At AC Silver we are pleased to offer for sale a pleasing collection of antique silver caddy spoons.
Caddy spoons are especially charming items of antique silverware, often found in novelty forms and styles.
Andrew Campbell hand picks all of our silver teaware, and does so on merit having been retailing antique silverware since 1977.
All of the silver caddy spoons at AC Silver come with free and insured worldwide shipping and a 14 day return policy.
Tea was introduced to Britain in the early Restoration period. It was shipped in wooden containers, packed around a variety of porcelain vessels. It wasn’t long before silversmiths imitated this shape in their crafting of tea caddies.
Around the 1760s, fashion trends caused tea caddies to change, rather than imitating the containers tea was shipped in, they became box-shaped, with flat or slightly domed lids. The newer versions also sometimes had vase-shaped vessels with a detachable cover that was too large for measuring tea. This necessitated the need for a separate spoon form measuring out the tea.
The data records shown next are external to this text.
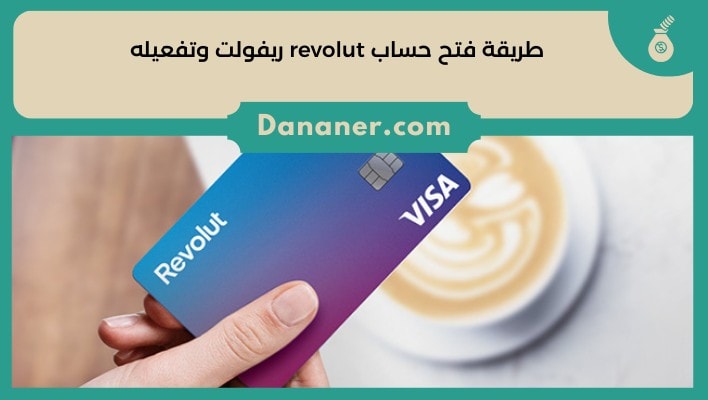 طريقة فتح حساب revolut ريفولت وتفعيله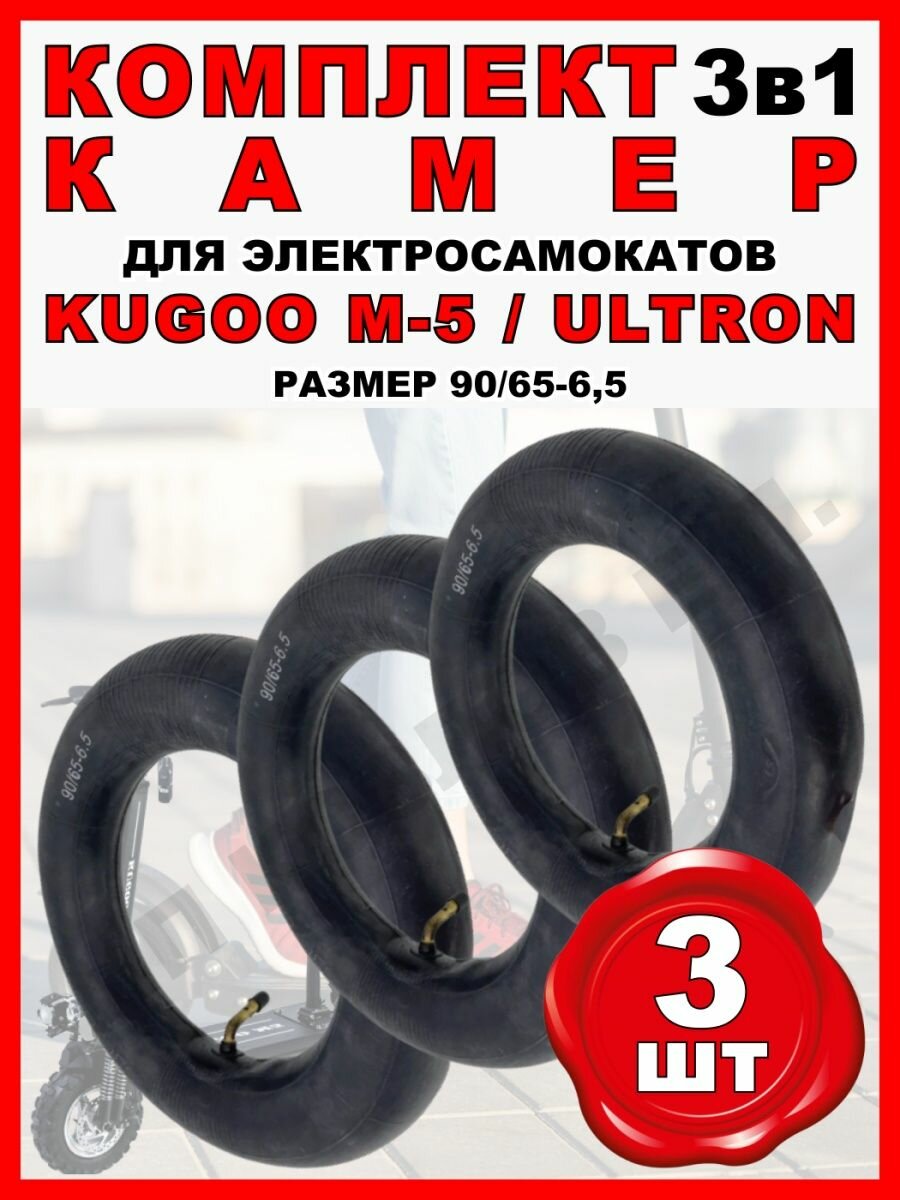 Камера для электросамоката Kugoo M5, 3 штуки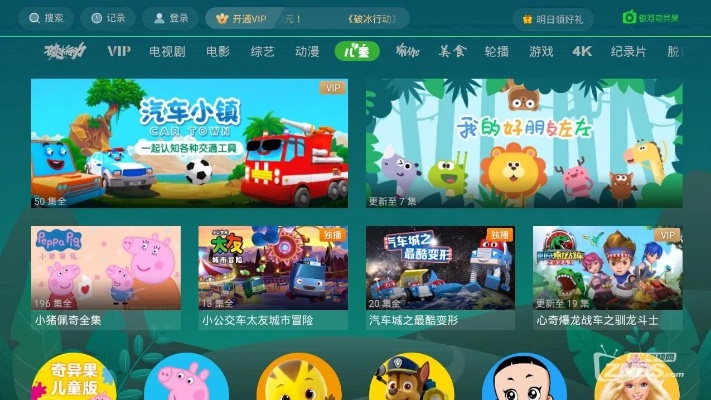 爱奇艺动画屋破解版本,实地评估解析说明&尊享版_v6.476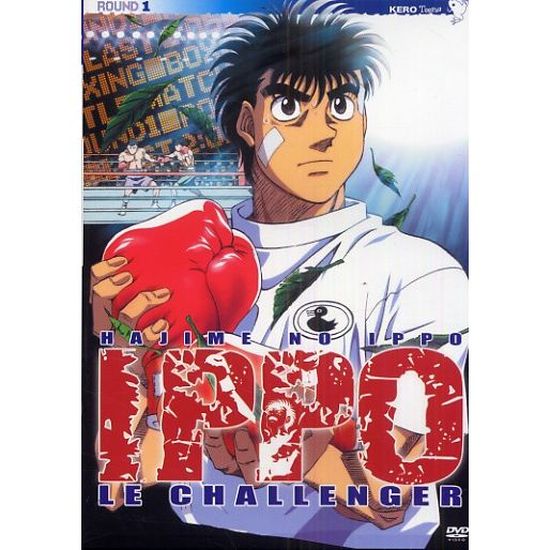 HAJIME NO IPPO LE CHALLENGER Vol. 01 Cdiscount DVD HAJIME NO IPPO LE CHALLENGER Vol. 01 Cdiscount DVD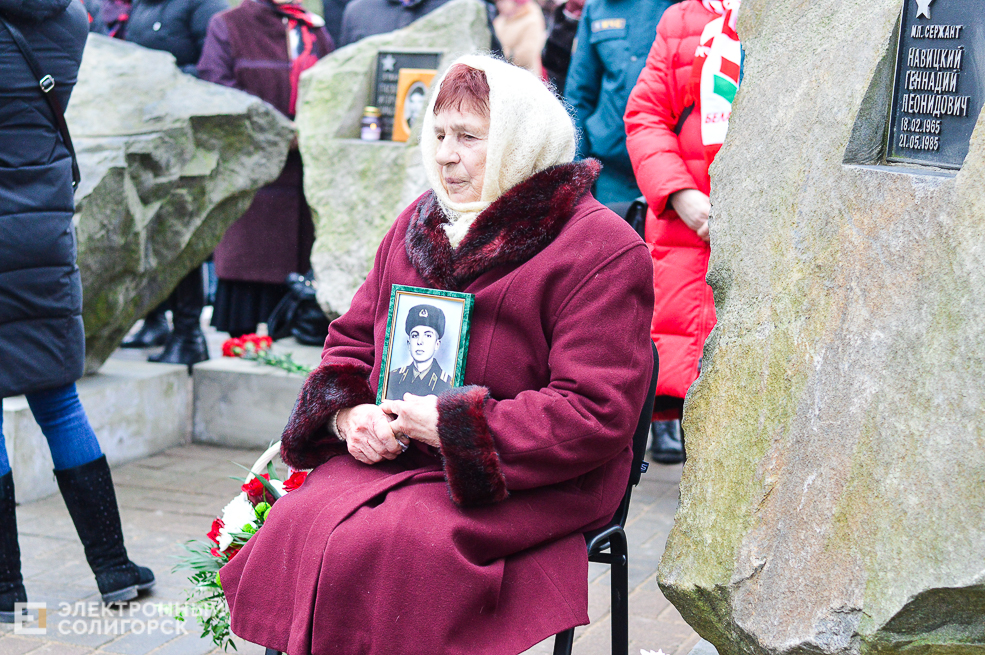 митинг воинам-интернационалистам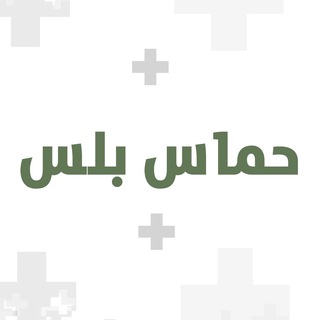Telegram profile photo for حماس بلس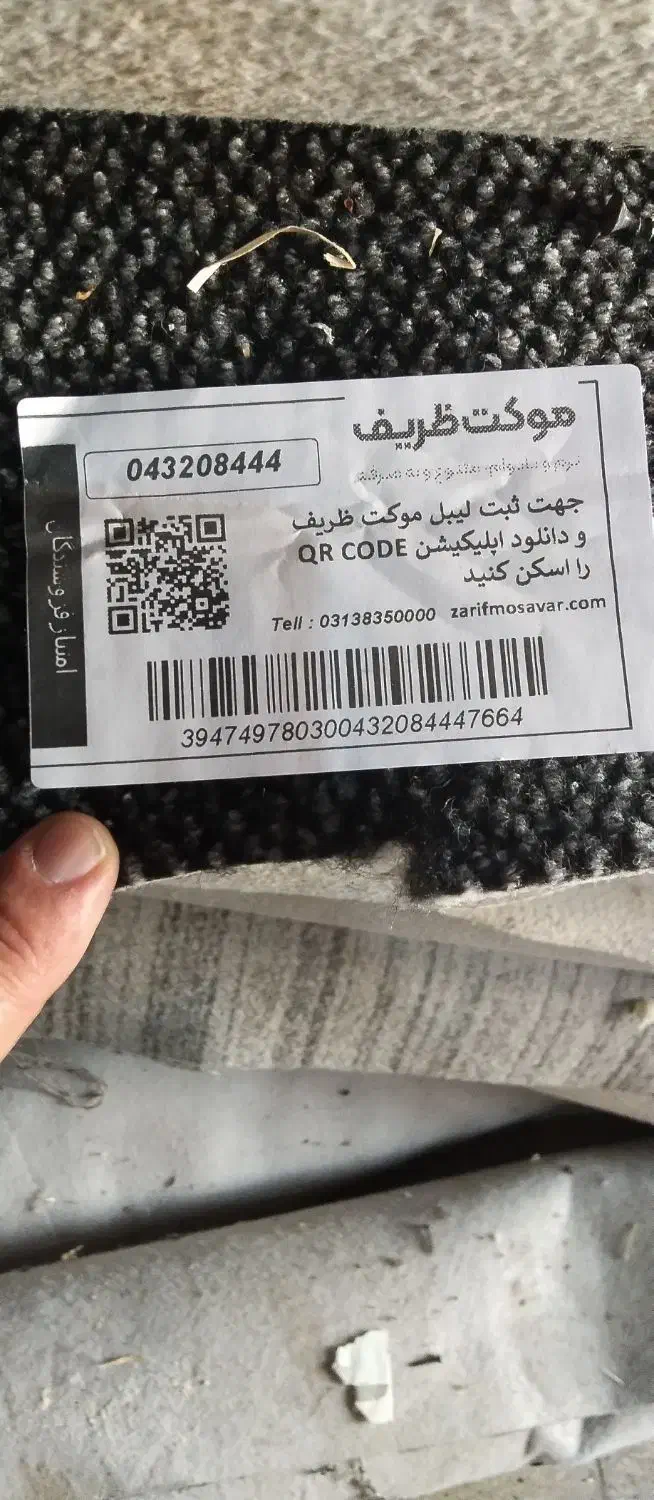 موکت دست دوم پالاز|موکت|آفتاب, |دیوار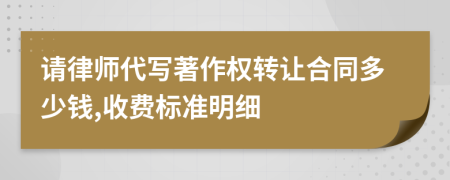 请律师代写著作权转让合同多少钱,收费标准明细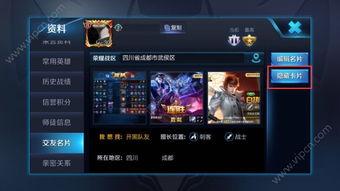 玖叔王者爆料视频下载免费,揭秘免费下载游戏视频的神秘方法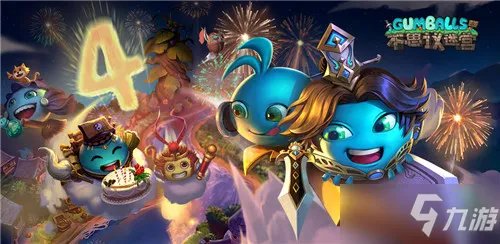 《不思议迷宫》2021年清明节定向越野任务怎么玩 2021年清明节定向越野任务玩法分享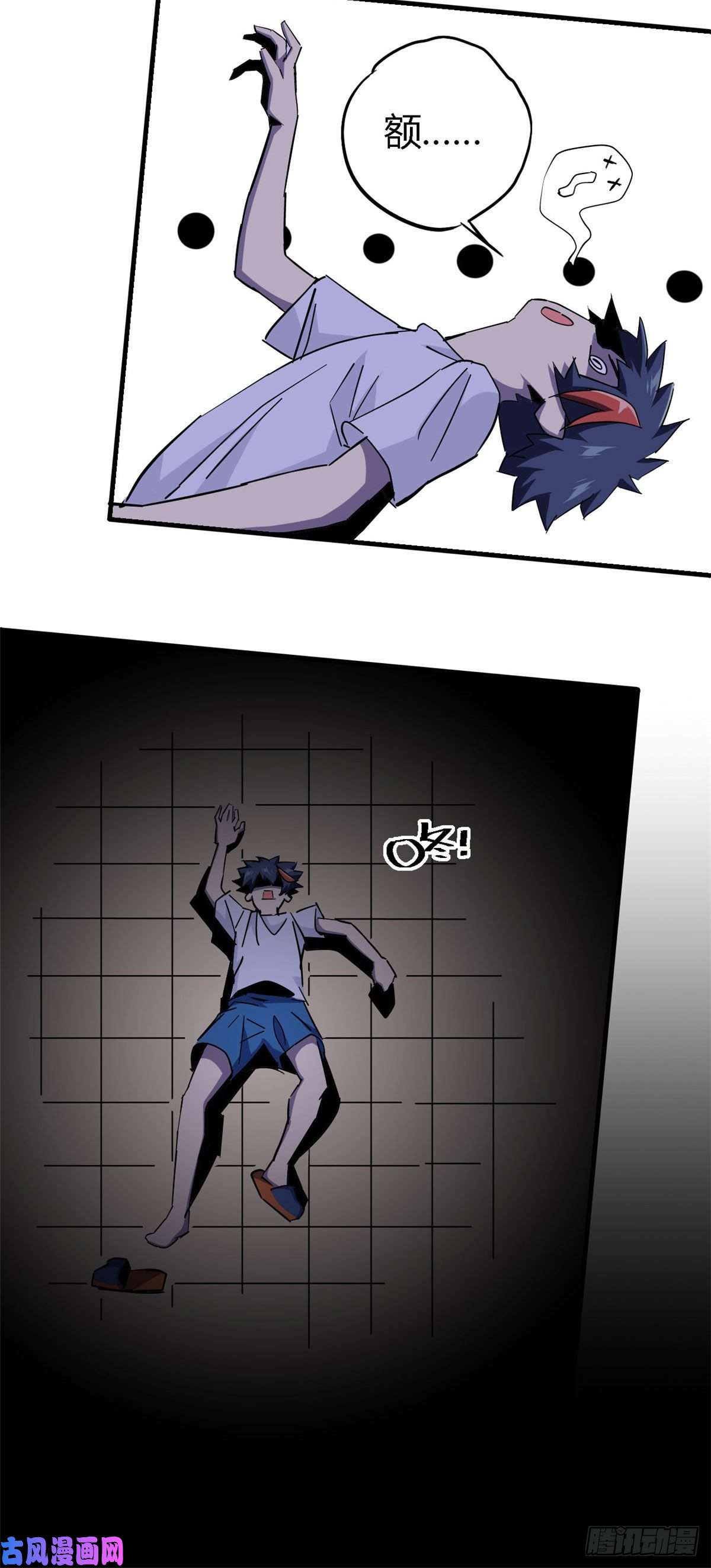 超神制卡师11爱猫人士表示谴责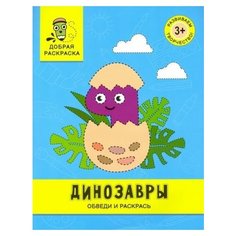 Динозавры. обведи и раскрась. книжка-раскраска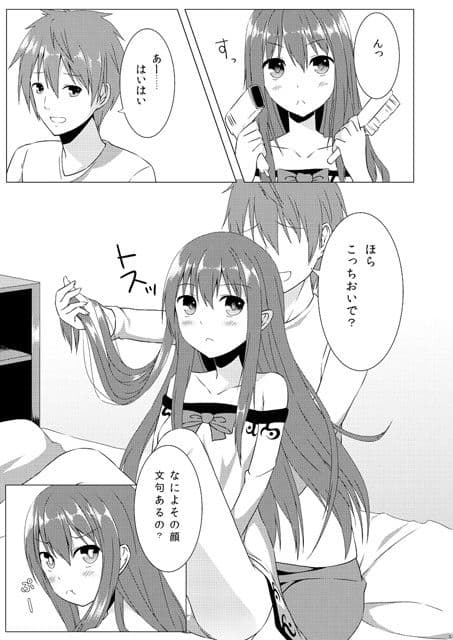 ラブラブ天子ちゃん サンプル 1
Early caddy spoons generally had shell-shaped bowls. It is widely believed that this stems from tea merchants using sea shells to allow customers to sample the tea by smell and taste before making a purchase. They were even called ‘Caddy Shells’ until the 1840s. A lot of these spoons had deeply-curved terminals so that the spoon could be hooked over the rim or handle of the tea caddy itself while not in use. Typically, they also had deeply-moulded bowls in order to measure a decent amount of tea.
Examples from before the mid-19th century were generally made of thin sheet silver, and these examples are not typically in good condition today, as they have a tendency to crack due to their somewhat rudimentary materials. The higher quality caddy spoons were cast in silver first and then hand-chased, giving them a more significant weight. Some examples of these silver spoons were made from one piece of silver, eliminating potential weaknesses from the bowl being soldered to the handle. Silver was the preferred material when it came to caddy spoons, as tea was a luxury, and using silver utensils would enhance the taste and flavours, where other materials may be detrimental to the experience.